Recently I have gone through this interesting book on value investing. And I can truly say that this is a masterpiece and need to reread it again and again over the period  of time. I got bitten by this concept of value investing in my late 20s and I have started reading about value investing on lot of blogs and books. In almost all the blogs everyone has mentioned about this book. So here is book summary for intelligent investor.

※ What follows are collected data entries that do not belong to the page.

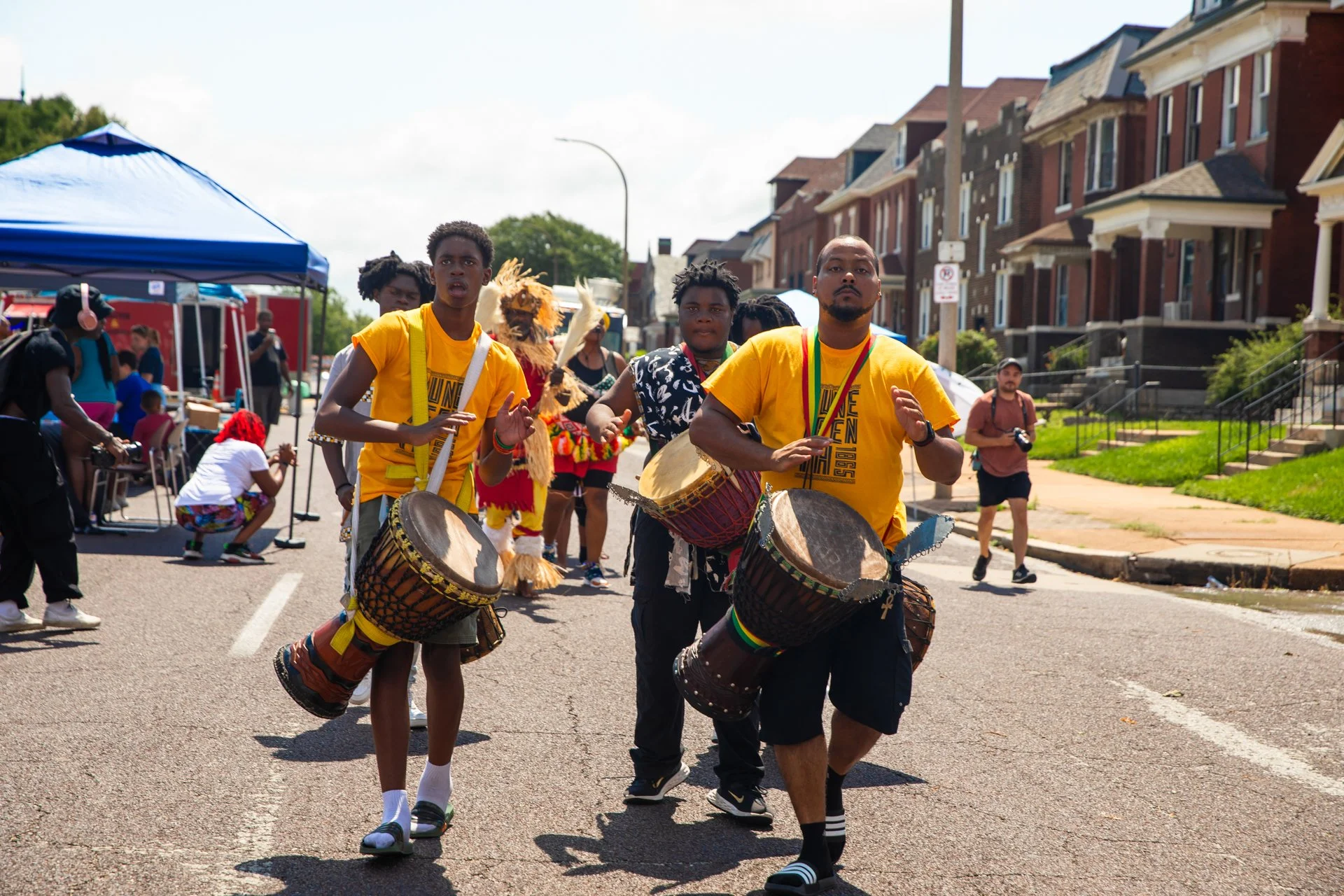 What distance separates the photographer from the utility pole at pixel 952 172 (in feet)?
58.1

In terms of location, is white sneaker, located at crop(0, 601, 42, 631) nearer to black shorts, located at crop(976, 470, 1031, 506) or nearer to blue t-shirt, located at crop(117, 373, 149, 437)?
blue t-shirt, located at crop(117, 373, 149, 437)

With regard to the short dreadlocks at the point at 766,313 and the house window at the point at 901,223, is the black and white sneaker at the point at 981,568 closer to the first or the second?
the short dreadlocks at the point at 766,313

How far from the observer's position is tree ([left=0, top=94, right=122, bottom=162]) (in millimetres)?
54344

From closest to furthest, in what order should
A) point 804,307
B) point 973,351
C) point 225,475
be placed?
point 225,475, point 804,307, point 973,351

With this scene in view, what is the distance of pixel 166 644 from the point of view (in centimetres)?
754

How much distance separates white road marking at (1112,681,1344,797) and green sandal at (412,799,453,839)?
3.46m

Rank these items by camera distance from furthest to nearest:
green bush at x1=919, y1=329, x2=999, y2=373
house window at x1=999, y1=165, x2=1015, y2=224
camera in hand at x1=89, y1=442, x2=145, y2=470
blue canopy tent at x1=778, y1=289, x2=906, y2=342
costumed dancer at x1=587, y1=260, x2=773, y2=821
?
house window at x1=999, y1=165, x2=1015, y2=224, green bush at x1=919, y1=329, x2=999, y2=373, blue canopy tent at x1=778, y1=289, x2=906, y2=342, camera in hand at x1=89, y1=442, x2=145, y2=470, costumed dancer at x1=587, y1=260, x2=773, y2=821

First advise that Ben has given is avoid speculations. Well as a beginner I have used speculations and paid the price for that. Until and unless I burn my fingers, I can not learn. Company should sound promising inherently, and should not be popular on social media, news or  any other platform. One should not delude himself into thinking that he is investing while actually he is speculating. Speculations are harmful to investment. Biggest advantage or disadvantage of stock market is, it will always overreact. Or on other words market is more volatile  and there is no way to control it. But we can gain skills that can be make gains in this volatility.

Inflation has huge effect on portfolio. If we do not beat inflation then it will reduce the returns on investment. If we have High Inflation and low share markets  then its a good opportunity to enter markets. If we have High Inflation and high share markets then its a bubble and need to be avoided. If we have Low Inflation and low share market then it is a good opportunity to enter. If we have low inflation and high share market then avoid as prices are already overvalued.

Price of an issue should justify underlying assets, earning and dividends. Ben has provided significance of price to earning ratio, price to book ratio and earning per share(supported by inflation) throughout this book. Also he has provided basic background checks of investment. These checks need to be fulfilled then only we can start our investment journey. 

  • No borrowing to buy or hold securities 
  • Have set aside enough case to support your family for at least 1 year
  • Ask yourself it this company deserve my investment or why should I buy this security at this price and at this time?
For companies which are paying high dividends, Ben asked a question why company is paying fat dividends on its stock instead of issuing bonds and getting tax break? The likely answer is that the company is not healthy. the market for its bonds glutted and you should approach stock of the company in a same way that you approve for unrefrigerated dead fish. In Buffett's words while buying a stock one should write at least a page about why I should buy this issues of this company.

Ben has set different verticals for defensive investor and enterprise investor. For defensive investor who can not spend more time on portfolio, he has suggested to go for common stocks (stock with less risk such as  blue chip, or performed very well over period of time) with diversification to reduce the risk. These common stocks should be large, financially sound and should have a good track record. And for enterprise investor he has suggested to hunt for growth stocks. Stocks which has potential to grow. But to hunt these stocks lot of work need to be done.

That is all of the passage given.